┌─ Study material

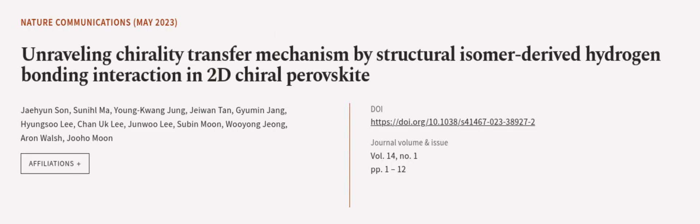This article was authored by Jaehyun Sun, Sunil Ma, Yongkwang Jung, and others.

└─
┌─ Study material

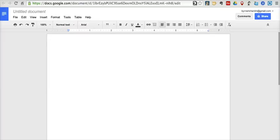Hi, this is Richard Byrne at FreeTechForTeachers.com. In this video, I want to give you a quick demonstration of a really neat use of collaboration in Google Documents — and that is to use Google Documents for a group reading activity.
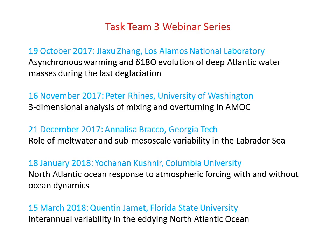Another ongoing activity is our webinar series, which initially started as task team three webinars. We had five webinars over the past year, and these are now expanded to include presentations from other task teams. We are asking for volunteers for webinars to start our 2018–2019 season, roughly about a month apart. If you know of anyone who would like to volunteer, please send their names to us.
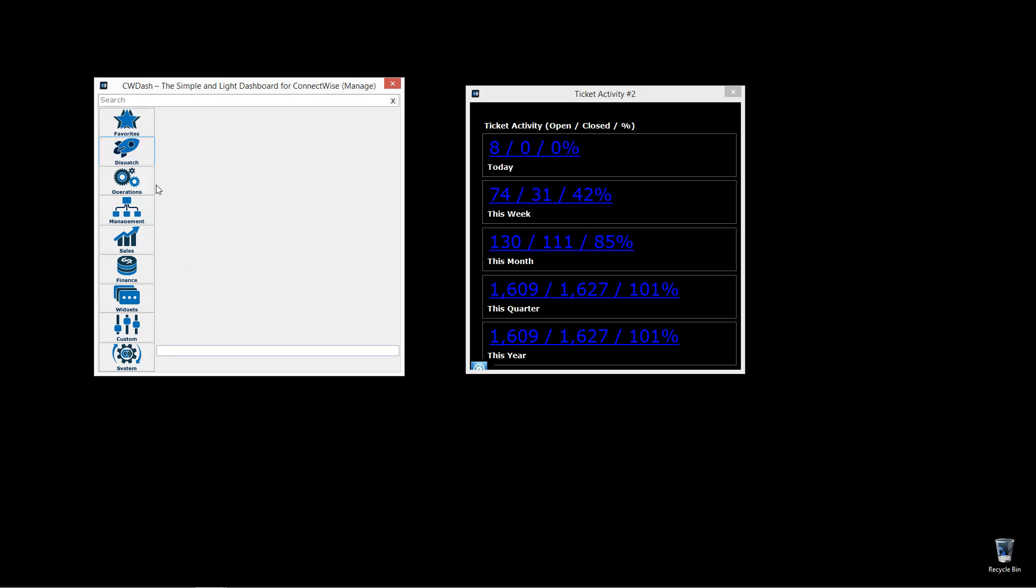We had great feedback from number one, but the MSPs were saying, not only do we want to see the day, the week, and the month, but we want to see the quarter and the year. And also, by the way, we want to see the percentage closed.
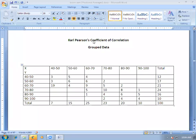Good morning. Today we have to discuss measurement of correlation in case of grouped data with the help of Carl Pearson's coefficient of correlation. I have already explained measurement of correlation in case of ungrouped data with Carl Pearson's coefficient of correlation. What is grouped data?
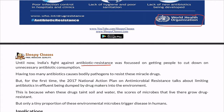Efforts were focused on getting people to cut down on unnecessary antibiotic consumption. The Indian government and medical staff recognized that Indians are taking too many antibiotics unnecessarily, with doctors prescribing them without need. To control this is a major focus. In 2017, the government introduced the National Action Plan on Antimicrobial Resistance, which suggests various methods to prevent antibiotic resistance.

└─
┌─ Study material

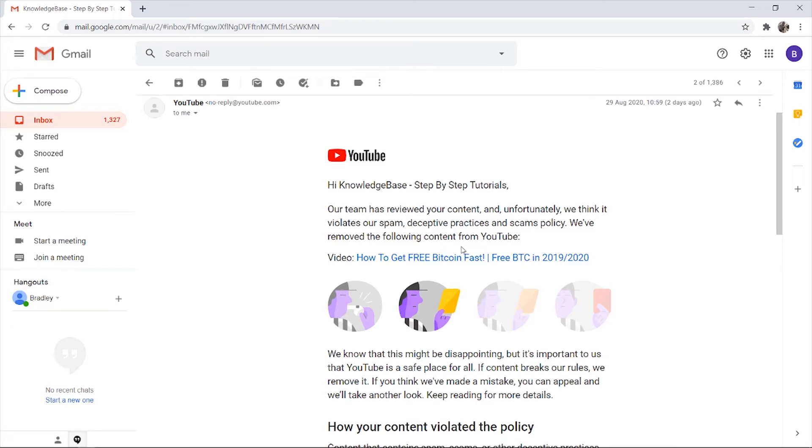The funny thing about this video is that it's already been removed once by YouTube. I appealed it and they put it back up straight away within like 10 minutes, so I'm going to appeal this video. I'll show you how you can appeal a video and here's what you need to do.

└─

--- Task goal ---
Pictures aside, return exactly the lines from the data above, starting at the line that has "Hi, this is" and ending at the line that has "Another ongoing activity", both included.

--- Exercise solution ---
Hi, this is Richard Byrne at FreeTechForTeachers.com. In this video, I want to give you a quick demonstration of a really neat use of collaboration in Google Documents — and that is to use Google Documents for a group reading activity.
Another ongoing activity is our webinar series, which initially started as task team three webinars. We had five webinars over the past year, and these are now expanded to include presentations from other task teams. We are asking for volunteers for webinars to start our 2018–2019 season, roughly about a month apart. If you know of anyone who would like to volunteer, please send their names to us.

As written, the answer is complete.